SUN LIFE SENTRY CONSERVATIVE BALANCED FUND

(the “Terminating Fund” and with the Manager, the “Filers”)

 

DECISION

 

Background

 

The principal regulator in the Jurisdiction has received an application from the Manager on behalf of the Terminating Fund for a decision under the securities legislation of the Jurisdiction of the principal regulator (the Legislation) approving the merger (the Merger) of the Terminating Fund into Sun Life Granite Income Portfolio (the Continuing Fund) pursuant to paragraph 5.5(1)(b) of National Instrument 81-102 Investment Funds (NI 81-102) (the Approval Sought).

 

Under the Process for Exemptive Relief Applications in Multiple Jurisdictions (for a passport application):

 

(a)           the Ontario Securities Commission is the principal regulator for this application; and

 

(b)           the Manager has provided notice that section 4.7(1) of Multilateral Instrument 11-102 Passport System (MI 11-102) is intended to be relied upon in each of the provinces and territories of Canada, other than Ontario (together with Ontario, the Jurisdictions).

 

Interpretation

 

Terms defined in National Instrument 14-101 Definitions and MI 11-102 have the same meaning if used in this decision, unless otherwise defined. The following additional terms shall have the following meanings:

 

Fund or Funds means, individually or collectively, the Terminating Fund and the Continuing Fund;

 

IRC means the independent review committee for the Funds;

 

NI 81-107 means National Instrument 81-107 Independent Review Committee for Investment Funds;

 

Tax Act means the Income Tax Act (Canada); and

 

Representations

 

This decision is based on the following facts represented by the Filers:

 

The Manager

 

1.             The Manager is a corporation incorporated under the laws of Canada with its head office in Toronto, Ontario.

 

2.             The Manager is registered as an investment fund manager in Ontario, Quebec and Newfoundland and Labrador, as a mutual fund dealer in all of the provinces and territories of Canada, and as a commodity trading manager and portfolio manager in Ontario.

 

3.             The Filer is the Manager and promoter of the Funds.

 

The Funds

 

4.             The Funds are open ended mutual funds established as trusts under the laws of Ontario.

 

5.             Securities of each of the Funds are currently qualified for sale in each of the Jurisdictions under a simplified prospectus, annual information form and fund facts dated February 10, 2017, other than Series T5 of the Continuing Fund (collectively, the Offering Documents).
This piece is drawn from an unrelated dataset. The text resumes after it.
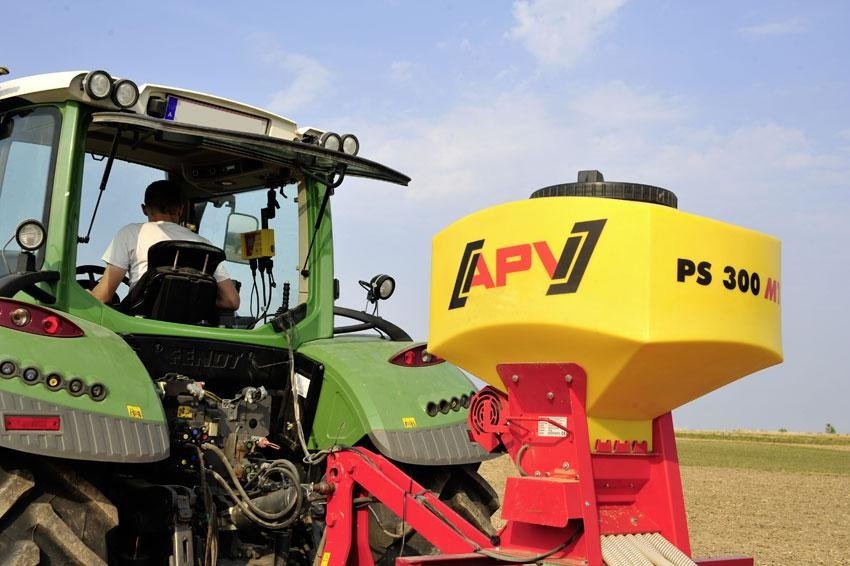 Drillmaschine des Typs APV PS300 M1 ISOBUS Elektrisk    Bemærk skal bruge ISOBUS skærm i traktor, Gebrauchtmaschine in Brørup (Bild 1)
Series T5 of the Continuing Fund is being qualified pursuant to an amendment to the Offering Documents dated July 28, 2017.

 

6.             Each of the Funds is a reporting issuer under the applicable securities legislation of the Jurisdictions.

 

7.             Neither the Manager nor the Funds is in default under the securities legislation of any of the Jurisdictions.

 

8.             Other than circumstances in which the securities regulatory authority of a Jurisdiction has expressly exempted a Fund therefrom, each of the Funds follows the standard investment restrictions and practices established under NI 81-102.

 

9.             The net asset value for each series of the Funds is calculated on a daily basis in accordance with the Funds’ valuation policy and as described in the Offering Documents.

 

Reason for Approval Sought

 

10.          Approval of the Merger is required because the Merger does not satisfy all of the criteria for pre-approved reorganizations and transfers as set out in section 5.6 of NI 81-102, namely because: (i) a reasonable person may not consider the fundamental investment objectives of the Terminating Fund and that of the Continuing Fund to be “substantially similar”; and (ii) the Merger will not be a tax-deferred transaction as described in paragraph 5.6(1)(b) of NI 81-102. Except for these two reasons, the Merger will otherwise comply with all of the other criteria for pre-approved reorganizations and transfers set out in section 5.6 of NI 81-102.

 

The Proposed Merger

 

11.          The Manager intends to merge Sun Life Sentry Conservative Balanced Fund into Sun Life Granite Income Portfolio, effective on or about October 27, 2017 (the Merger Date).

 

12.          The Manager is of the view that the Merger will not be a “material change” for the Continuing Fund as the Continuing Fund is significantly larger in size than the Terminating Fund.

 

13.          The investment objectives of the Terminating Fund and the Continuing Fund are as follows:

 

Terminating Fund

Investment Objective

Continuing Fund

Investment Objective

Sun Life Sentry Conservative Balanced Fund

The Fund’s investment objective is to seek to provide stable income and long-term capital appreciation, primarily by investing directly in a conservative diversified portfolio of Canadian fixed-income and income-oriented equity securities or indirectly by investing in mutual funds (including exchange-traded funds) that invest in such securities.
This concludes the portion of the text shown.